When you have a friend accomplishing great things, but keeps minimizing her or his accomplishments, or him or herself… what do you say to them? Now try to do that for yourself. Try to see the great things you’ve been able to accomplish so far, and tell yourself what you would say to that friend of yours.
It’s never wrong to share how you feel… But be selective who you share it with. Going through this process is not easy, and you don’t want someone in it that will discourage you, or drag you down. When you do this with the right people, it allows them to share with you what they truly see in you. That is encouraging, and allows you to see that it actually never was the things you pretended in the past.
Party in a Fashionable Way… You Deserve it
As mentioned in several blogs before, CELEBRATE. Celebrate every step you take. Celebrate every accomplishment you make, and every goal you set for yourself, when you meet it. When you succeed, celebrate that moment. The small steps you take, ought to be celebrated. For some people that have struggled with anxiety perhaps, it can be simple things such as getting out of bed that morning. Reward yourself with maybe stopping at your favorite coffee shop, and getting yourself your favorite coffee. Don’t just brush it off, and think it’s not a big deal, because it is huge, and you deserve to treat yourself like royalty. Because you are.

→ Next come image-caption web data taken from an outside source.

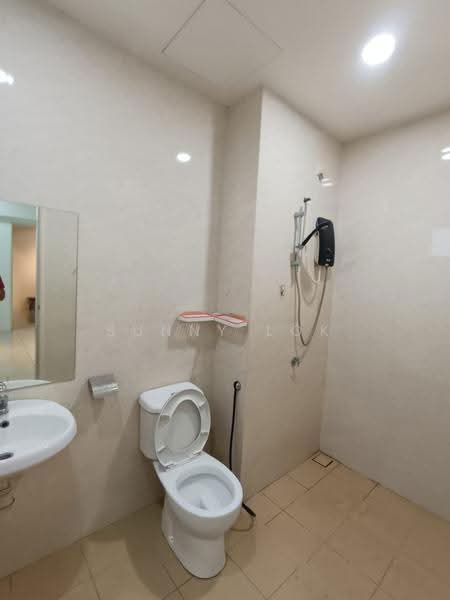 Condominium for Rent at Mahkota Impian - Sunny Lok - Bathroom - PropertyGuru.com.my
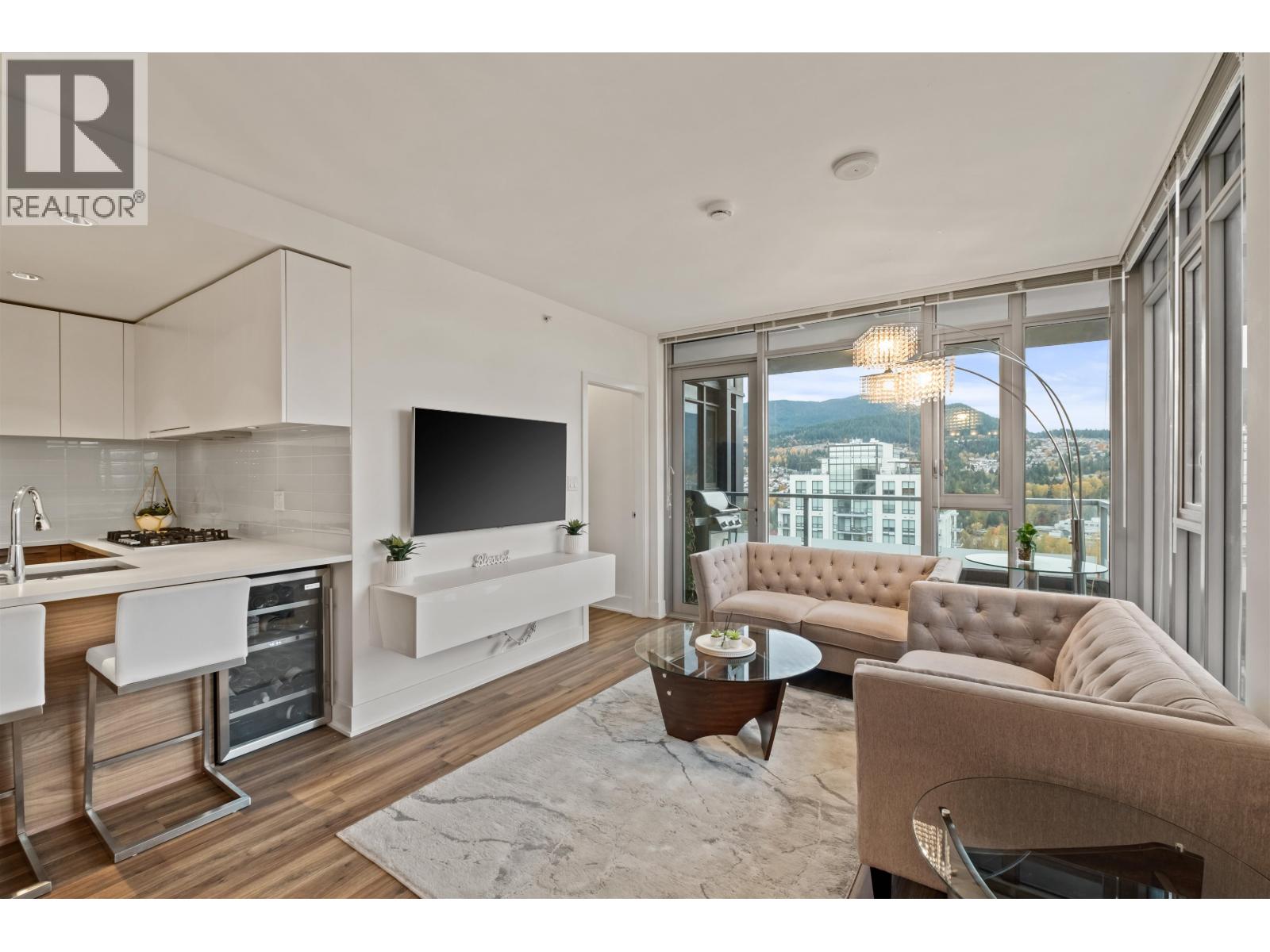 3207 1188 Pinetree Way, Coquitlam, British Columbia  V3B 0K9 - Photo 2 - R3066974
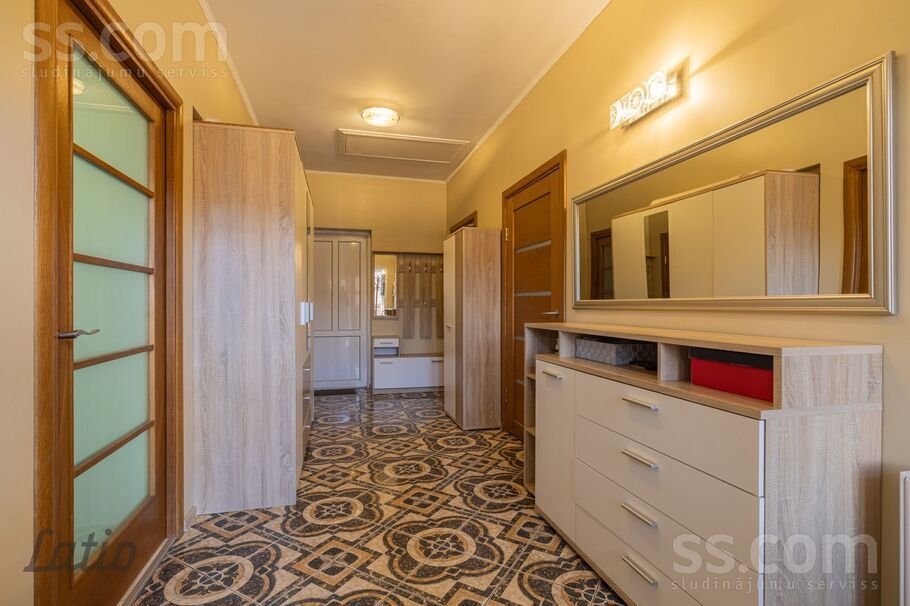 Ganību 6, Jēkabpils un raj., Jēkabpils — maja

There will be moments when you fail. Maybe it’s a simple task, and maybe it’s something bigger. This is the moment where you have to come to the realization that it will happen, and it’s okay. See it as a simple lesson to do better next time, and accept it just as that. Switch your focus from ‘I failed’ to ‘I will try again, and will do better going forward’. That will change the entire perspective. Orbe Austin said: “Reframe failures as opportunities to learn and grow – that will ultimately move you toward the success you’re seeking”.
The Big L Yourself Word… Or Two Words I Guess…

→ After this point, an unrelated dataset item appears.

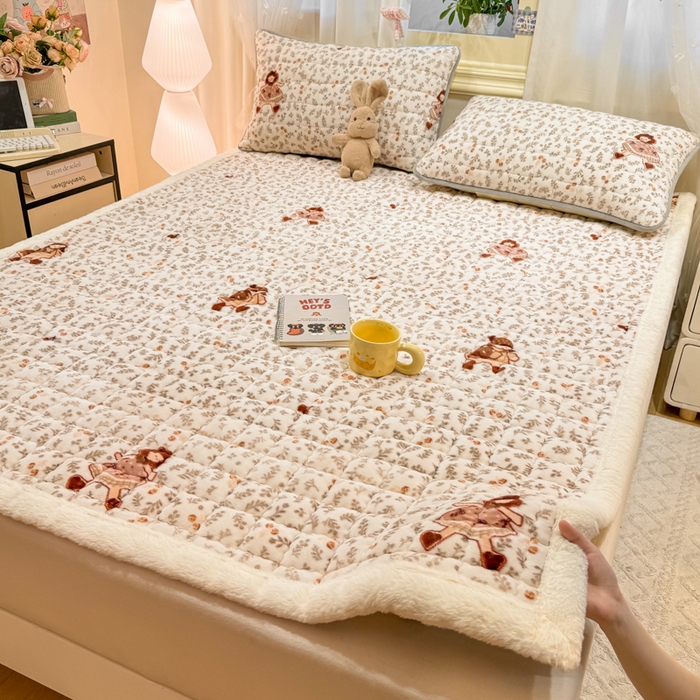 91家纺网 家纺一手货源 找家纺 欧妮家纺 2025新款保暖牛奶绒夹棉床垫床褥子软垫 暖绒边-甜美女孩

And another thing mentioned several times before… In order to overcome the imposter syndrome, make sure you love yourself. I keep hearing people making the statement: ‘Love each other, love your neighbor…’, which is that the Bible itself even says. But people like to leave out the part where it says ‘as yourself’. You have to love yourself first. That will take you to the place where you will start seeing your self-worth from the inside, and won’t have to wait for it from anyone around you any longer.
With all that said, I will finish this week’s blog just like this 😊. Let all that sink in, and then take it one step at a time. Start recognizing the emotions you feel, when the imposter syndrome slowly, and sneaky tries to get it’s way in again. Careful when you compare yourself, or when you feel like you have to pretend, just because you’re afraid of people not accepting you. And remember to celebrate, love yourself, and see your worth! You are VALUABLE!!!